Start of Information
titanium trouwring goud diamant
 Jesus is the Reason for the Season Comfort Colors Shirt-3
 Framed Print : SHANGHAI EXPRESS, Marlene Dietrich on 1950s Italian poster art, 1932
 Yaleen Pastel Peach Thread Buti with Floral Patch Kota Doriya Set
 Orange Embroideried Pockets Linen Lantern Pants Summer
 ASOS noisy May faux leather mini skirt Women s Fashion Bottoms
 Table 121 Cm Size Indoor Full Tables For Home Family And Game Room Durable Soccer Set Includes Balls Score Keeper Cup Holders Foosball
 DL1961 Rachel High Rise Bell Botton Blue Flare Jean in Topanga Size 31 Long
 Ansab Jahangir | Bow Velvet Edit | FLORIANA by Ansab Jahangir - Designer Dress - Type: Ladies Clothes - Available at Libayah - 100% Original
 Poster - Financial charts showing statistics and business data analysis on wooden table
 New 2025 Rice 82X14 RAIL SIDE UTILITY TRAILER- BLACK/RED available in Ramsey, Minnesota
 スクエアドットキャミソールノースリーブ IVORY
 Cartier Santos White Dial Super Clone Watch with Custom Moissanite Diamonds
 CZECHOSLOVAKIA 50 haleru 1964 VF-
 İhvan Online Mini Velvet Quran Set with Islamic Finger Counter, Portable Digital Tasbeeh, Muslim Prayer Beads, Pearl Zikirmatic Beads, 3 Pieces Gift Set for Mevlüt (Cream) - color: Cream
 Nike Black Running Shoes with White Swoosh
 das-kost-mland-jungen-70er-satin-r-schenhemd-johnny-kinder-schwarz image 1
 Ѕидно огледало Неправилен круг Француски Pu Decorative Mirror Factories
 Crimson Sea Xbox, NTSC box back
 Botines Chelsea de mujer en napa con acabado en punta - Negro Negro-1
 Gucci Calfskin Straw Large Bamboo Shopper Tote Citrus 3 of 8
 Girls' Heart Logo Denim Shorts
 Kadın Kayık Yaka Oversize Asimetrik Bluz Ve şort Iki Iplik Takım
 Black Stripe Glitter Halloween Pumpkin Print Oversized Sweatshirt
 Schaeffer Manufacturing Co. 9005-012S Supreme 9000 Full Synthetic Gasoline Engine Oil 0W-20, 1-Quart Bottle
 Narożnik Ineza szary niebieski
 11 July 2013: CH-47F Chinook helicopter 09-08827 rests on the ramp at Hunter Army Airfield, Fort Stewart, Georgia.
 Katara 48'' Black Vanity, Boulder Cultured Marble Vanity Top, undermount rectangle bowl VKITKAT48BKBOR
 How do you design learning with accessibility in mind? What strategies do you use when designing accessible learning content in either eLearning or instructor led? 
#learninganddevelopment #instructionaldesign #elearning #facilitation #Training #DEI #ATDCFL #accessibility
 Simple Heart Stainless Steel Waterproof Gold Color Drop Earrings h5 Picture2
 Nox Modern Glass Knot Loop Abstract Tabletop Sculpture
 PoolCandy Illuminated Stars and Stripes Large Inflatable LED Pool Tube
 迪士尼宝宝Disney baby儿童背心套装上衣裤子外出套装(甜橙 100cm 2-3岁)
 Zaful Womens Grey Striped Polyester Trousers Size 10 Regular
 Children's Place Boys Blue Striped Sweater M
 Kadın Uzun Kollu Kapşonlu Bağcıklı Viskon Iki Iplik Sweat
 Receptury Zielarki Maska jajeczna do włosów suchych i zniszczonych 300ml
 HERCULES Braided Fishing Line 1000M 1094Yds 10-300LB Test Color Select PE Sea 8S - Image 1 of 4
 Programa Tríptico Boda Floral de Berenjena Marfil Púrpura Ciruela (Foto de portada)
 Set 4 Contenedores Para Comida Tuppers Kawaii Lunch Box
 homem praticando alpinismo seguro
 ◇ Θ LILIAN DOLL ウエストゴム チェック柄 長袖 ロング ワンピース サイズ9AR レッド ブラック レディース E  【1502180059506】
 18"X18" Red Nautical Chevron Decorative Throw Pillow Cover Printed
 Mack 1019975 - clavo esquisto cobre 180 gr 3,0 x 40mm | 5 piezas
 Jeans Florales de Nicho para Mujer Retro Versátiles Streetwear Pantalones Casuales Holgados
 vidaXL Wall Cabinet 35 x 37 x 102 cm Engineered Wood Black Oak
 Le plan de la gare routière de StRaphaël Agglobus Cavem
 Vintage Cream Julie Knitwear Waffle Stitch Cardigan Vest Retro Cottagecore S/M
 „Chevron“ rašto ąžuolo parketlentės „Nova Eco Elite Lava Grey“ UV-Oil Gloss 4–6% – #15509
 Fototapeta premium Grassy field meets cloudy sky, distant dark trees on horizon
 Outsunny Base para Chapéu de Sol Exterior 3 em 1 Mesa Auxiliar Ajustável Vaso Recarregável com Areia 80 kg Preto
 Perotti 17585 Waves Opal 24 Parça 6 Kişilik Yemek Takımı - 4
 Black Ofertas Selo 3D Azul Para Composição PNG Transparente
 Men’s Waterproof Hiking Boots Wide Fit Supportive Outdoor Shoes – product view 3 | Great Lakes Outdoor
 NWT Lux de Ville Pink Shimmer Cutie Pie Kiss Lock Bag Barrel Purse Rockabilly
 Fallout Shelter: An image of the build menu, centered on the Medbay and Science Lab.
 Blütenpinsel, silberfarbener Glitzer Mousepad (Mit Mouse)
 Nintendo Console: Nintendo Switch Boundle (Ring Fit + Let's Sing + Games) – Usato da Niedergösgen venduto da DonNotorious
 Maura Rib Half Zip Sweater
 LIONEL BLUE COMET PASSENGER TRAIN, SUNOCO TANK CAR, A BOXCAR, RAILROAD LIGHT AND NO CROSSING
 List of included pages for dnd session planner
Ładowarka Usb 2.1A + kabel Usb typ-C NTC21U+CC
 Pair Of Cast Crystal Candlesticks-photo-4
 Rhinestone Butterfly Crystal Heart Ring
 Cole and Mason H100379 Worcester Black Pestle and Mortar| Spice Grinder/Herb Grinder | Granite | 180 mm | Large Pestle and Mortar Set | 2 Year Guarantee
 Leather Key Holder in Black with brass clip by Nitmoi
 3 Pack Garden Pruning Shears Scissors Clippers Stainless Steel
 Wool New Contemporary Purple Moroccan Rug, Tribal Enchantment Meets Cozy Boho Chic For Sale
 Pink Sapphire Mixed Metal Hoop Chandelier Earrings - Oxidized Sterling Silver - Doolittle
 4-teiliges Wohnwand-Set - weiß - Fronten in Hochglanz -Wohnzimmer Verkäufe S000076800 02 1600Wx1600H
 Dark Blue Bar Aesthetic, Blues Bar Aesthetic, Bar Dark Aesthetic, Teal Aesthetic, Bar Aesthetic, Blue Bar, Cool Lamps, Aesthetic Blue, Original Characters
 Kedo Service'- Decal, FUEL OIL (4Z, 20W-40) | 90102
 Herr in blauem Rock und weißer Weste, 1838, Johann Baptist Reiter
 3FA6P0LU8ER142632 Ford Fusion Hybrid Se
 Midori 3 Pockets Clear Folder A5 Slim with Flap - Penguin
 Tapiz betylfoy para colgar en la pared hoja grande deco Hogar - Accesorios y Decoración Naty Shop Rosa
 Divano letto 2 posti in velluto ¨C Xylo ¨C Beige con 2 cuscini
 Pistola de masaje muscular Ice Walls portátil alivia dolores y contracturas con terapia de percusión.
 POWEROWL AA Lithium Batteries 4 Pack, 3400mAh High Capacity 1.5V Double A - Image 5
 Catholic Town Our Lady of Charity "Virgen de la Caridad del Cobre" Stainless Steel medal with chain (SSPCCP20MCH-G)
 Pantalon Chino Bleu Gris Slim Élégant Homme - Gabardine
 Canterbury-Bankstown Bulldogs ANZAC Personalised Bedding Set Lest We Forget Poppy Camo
End of Information
• Task description: Where a line in the material above holds "Crystal", copy that line.

• Solution:
 Pair Of Cast Crystal Candlesticks-photo-4
 Rhinestone Butterfly Crystal Heart Ring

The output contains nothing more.